Here’s the problem. Typically when we build or buy servers, we’ll order X number of hard drives from the same vendor at the same time. There is a strong likelihood that all of the drives will be from the same manufacturing batch, which means that they will have approximately the same MTBF, or the number of hours of operation before they die.

What does this have to do with SQL Server, or any server for that matter?

You come in on a Monday morning and you hear a beep in the computer room. With a little investigation you find the server that’s crying for help, or perhaps your network operations monitor sees the problem: a drive in a RAID array has failed. No problem – go in to the spares, find a drive with the same capacity, replace the dead drive.

Now is when the MTBF comes in. If all of the drives were from the same batch, then they have approximately the same MTBF. One drive failed. Thus, all of the drives are not far from failure. And what happens when the failed drive is replaced? The RAID controller rebuilds it. How does it rebuild the new drive? It reads the existing drives to recalculate the checksums and rebuild the data on the new drive. So you now have a VERY I/O intensive operation going on with heavy read activity on a bunch of drives that are probably pushing end of life.

Additionally, before the failed drive is replaced and the new drive is rebuilt, the remaining drives are already under additional strain from reading checksums to recalculate the missing data in order to maintain operation.

Your likelihood of an additional drive failing just went up dramatically. It might happen during the rebuild, it might happen later after the system is back in full swing. And it might be a long way down the line – you never know when a drive or many drives will exceed their expected life or fall short of it.

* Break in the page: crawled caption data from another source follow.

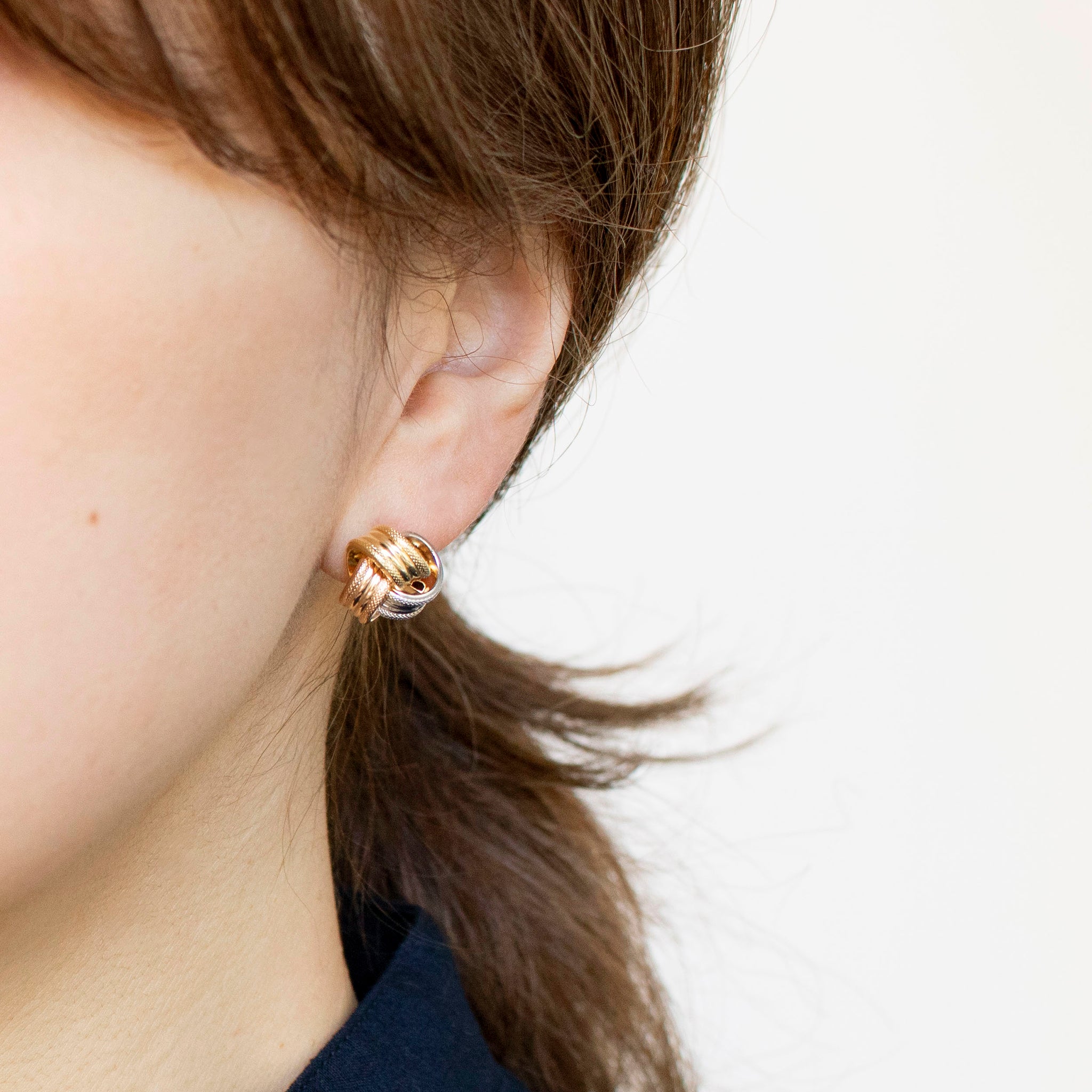 K18ピアス(スリーカラー/イタリア製)《24T10171》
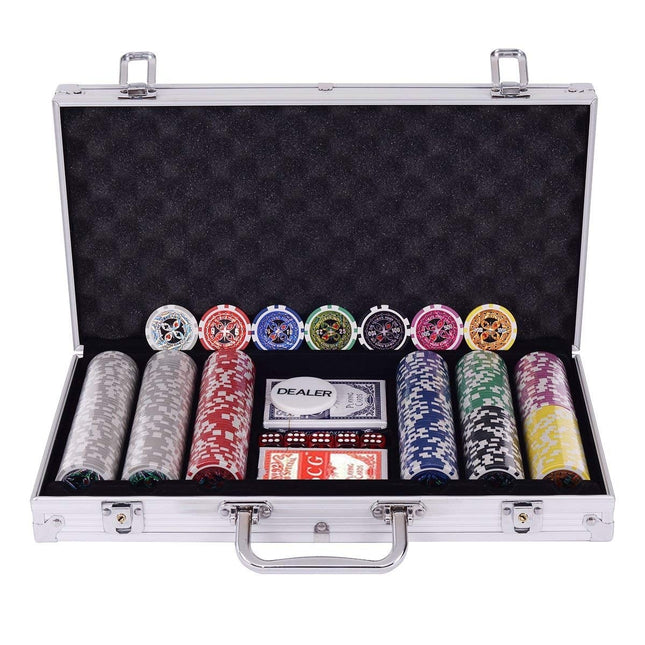 Coffret de poker avec 300 jetons laser dans un étui en aluminium
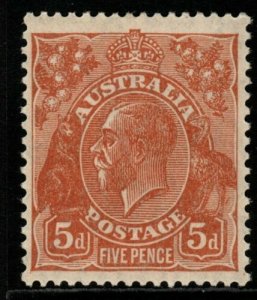 Australia SG103a 1930 5d Naranja-Marrón estampillada sin montar o nunca montada 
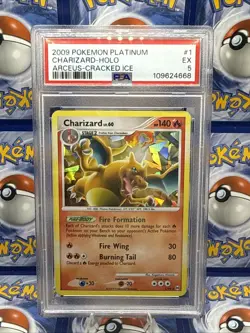 2009 Pokemon Platinum - CHARIZARD - Holo - Arceus - Cracked Ice - #1 -EX- PSA 5 - Image 1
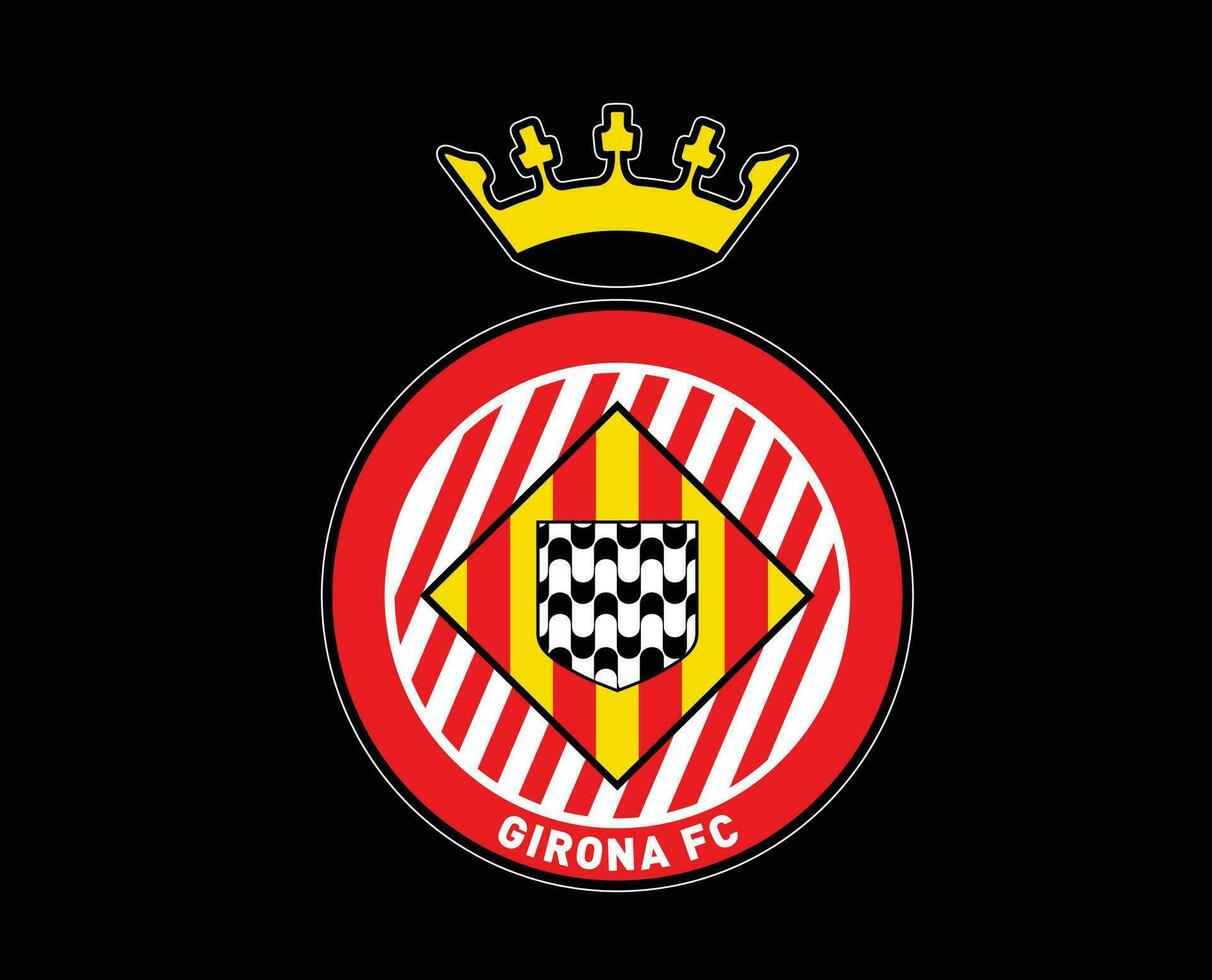 Girona club símbolo logo la liga España fútbol americano resumen diseño vector ilustración con negro antecedentes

This is just something to be aware of, and don’t be surprised if it happens. Definitely an important reason to make sure your backups are running well and restorable.

There is a way to try to dodge this issue, but it isn’t terribly easy, and that is to multi-source your drives. Buy drives from multiple suppliers and keep track of which drives from what batch are in what array. Gee, sounds like the job for a database!

I’m not sure about mixing drives from different manufacturers. I would think that if they were the same capacity and speed that you’d be OK, but I’m not 100% confident on that, you might introduce some performance difficulties. Back in Ye Olde Days of network administration when we needed to know things like cylinder and sector counts, things were more complicated. But we don’t bother with that (for the most part) these days.